While you rely on AI and ML to enhance customer interaction, don't give up on the customer service agents.  

Train them on these new tools, introduce them to the new workflows and help them adapt to conversational customer service. This is especially important for tenured employees. Bridging the skills gap is crucial to improve their skills and performance. 

Monitor their progress and provide them with feedback and resources to improve their efficiency. 

Also Read: Using AI Scoring in Contact Centers to Tailor Agent Training Programs

Keep the interaction humanized 

Remember that the purpose of conversational customer service is to augment the role of human agents and not replace them.  

Keep the interaction human. Even customers don't prefer talking to chatbots.  

Encourage the customer service agents to keep the interaction conversational and free. Nudge them to use workflows to automate interactions but avoid using scripts while interacting with customers. This will help them understand the customer's problems better and solve them more efficiently. 

How to implement conversational customer service

We now know how conversational customer service can reduce churn, improve agents' efficiency, and save costs. Let's learn how to implement it in your company to boost customer engagement and retention. 

🤝Step 1: Align all key stakeholders 

Conversational customer service is a new concept. Hence, you must align all key stakeholders and reach a consensus before implementing it. Speak to the operations and product teams, subject matter experts and customer service agents to identify customer query scenarios. Discuss the best ways to manage such scenarios and train the agents and chatbots. This will help your agents to deliver superior customer experience. 

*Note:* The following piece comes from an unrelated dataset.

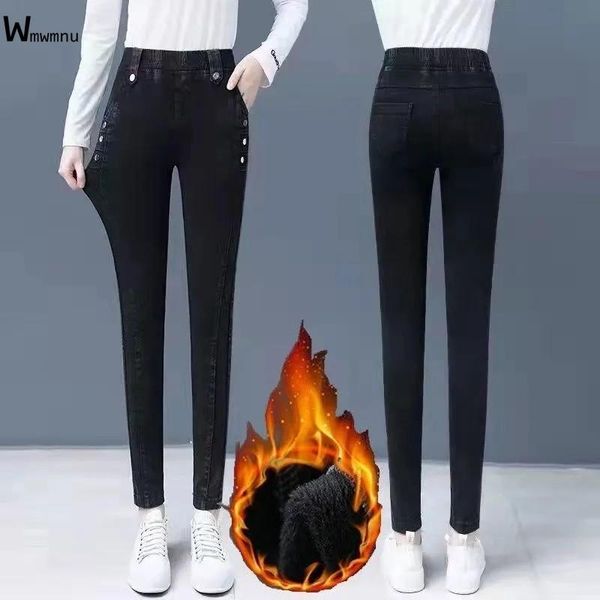 Джинсы женские, большие размеры 32, винтажные тонкие отбеленные Vaquero теплые зимние джинсовые брюки, черные леггинсы, новые зимние бархатные эластичные джинсы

🔧Step 2: Choose the right tech stack 

You cannot have conversations with customers without the help of the right tools and platforms. Choose the ones that are: 

  • Easy-to-use 

  • Armed with emotional intelligence to detect customer sentiments and respond with empathy 

  • Allow consistent cross-channel collaborations 

  • Improve response speed 

 🔖Step 3: Structure and label your data 

If you use AI and ML in conversational customer service, you must structure the unstructured and semi-structured data. This will allow you to categorize the data, label it and train the AI model. By structuring and labeling the data, you are helping the machines understand it. This will help the AI model to respond to customer queries efficiently. Once the model is ready, integrate it with the workflow and get started. 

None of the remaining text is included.